Brief: None of the images should appear in your copy. Transcribe the data in full.

╭─ Data excerpt

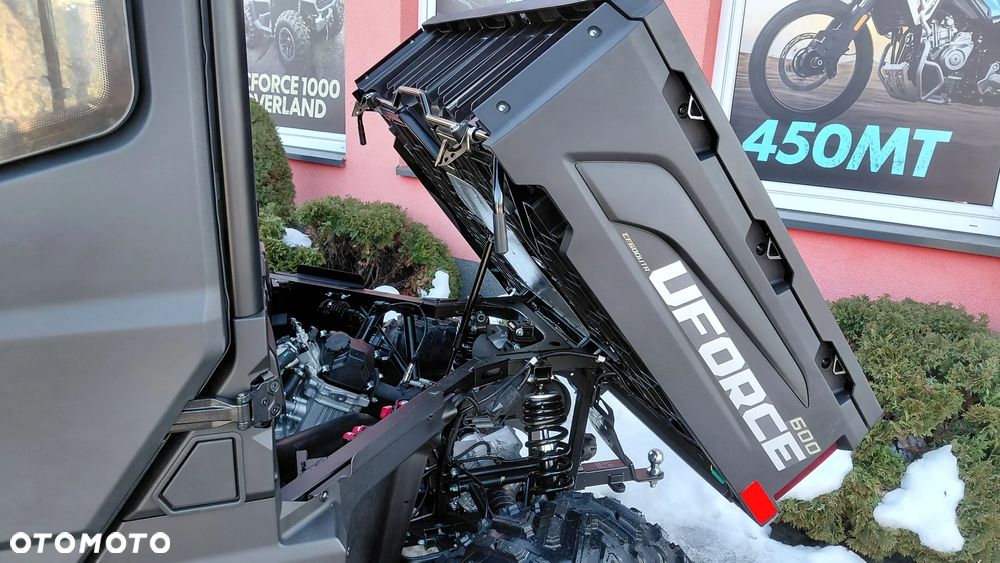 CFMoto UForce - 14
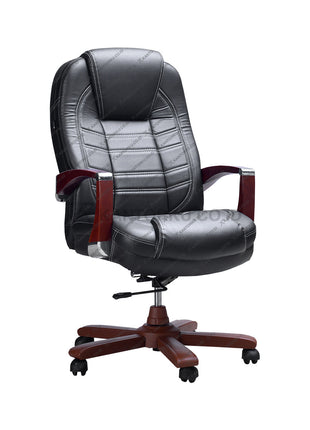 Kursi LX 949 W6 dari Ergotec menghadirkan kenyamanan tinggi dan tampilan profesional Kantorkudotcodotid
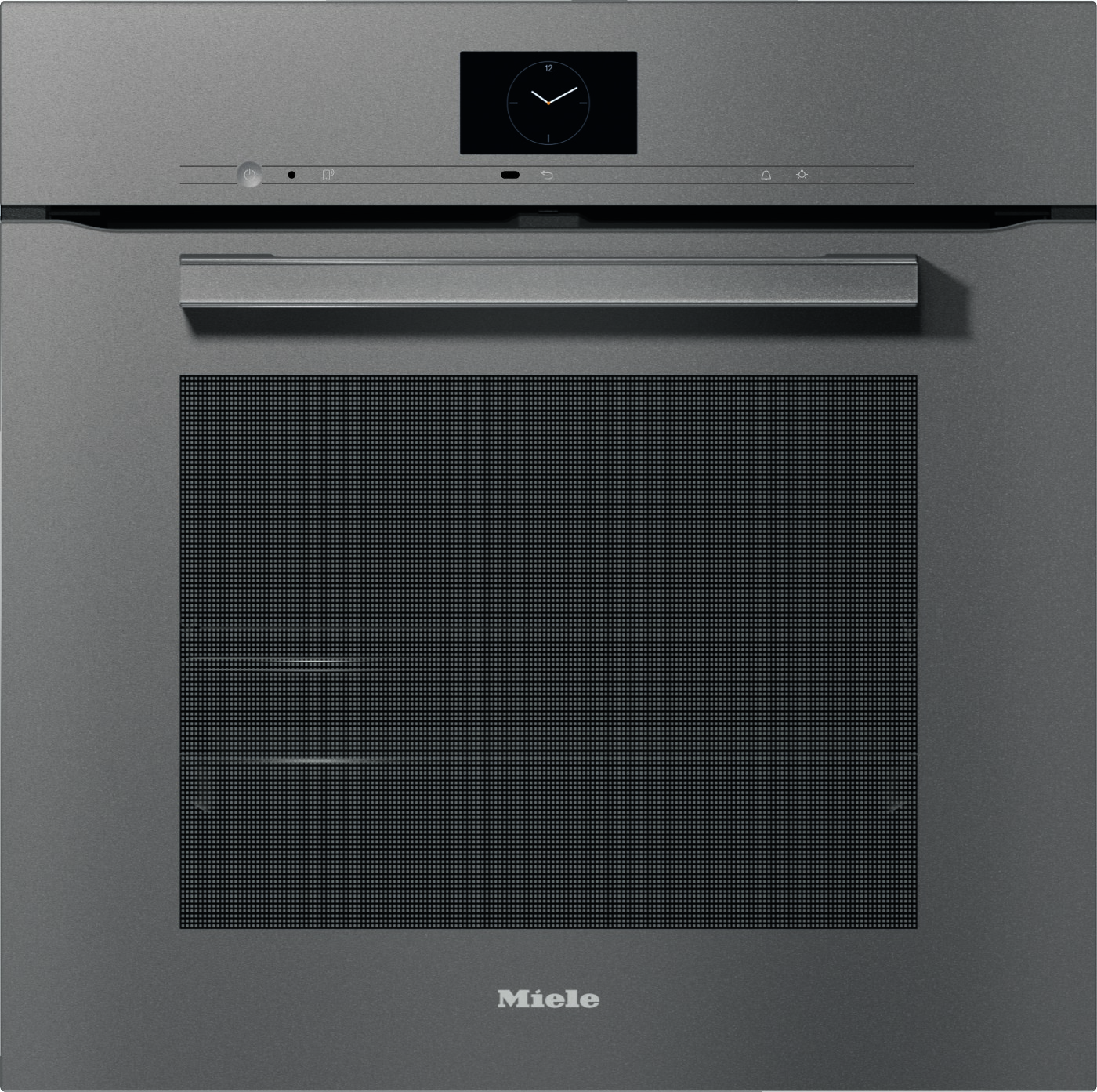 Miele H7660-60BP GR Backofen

╰─

Exercise result:
 CFMoto UForce - 14
 Kursi LX 949 W6 dari Ergotec menghadirkan kenyamanan tinggi dan tampilan profesional Kantorkudotcodotid
 Miele H7660-60BP GR Backofen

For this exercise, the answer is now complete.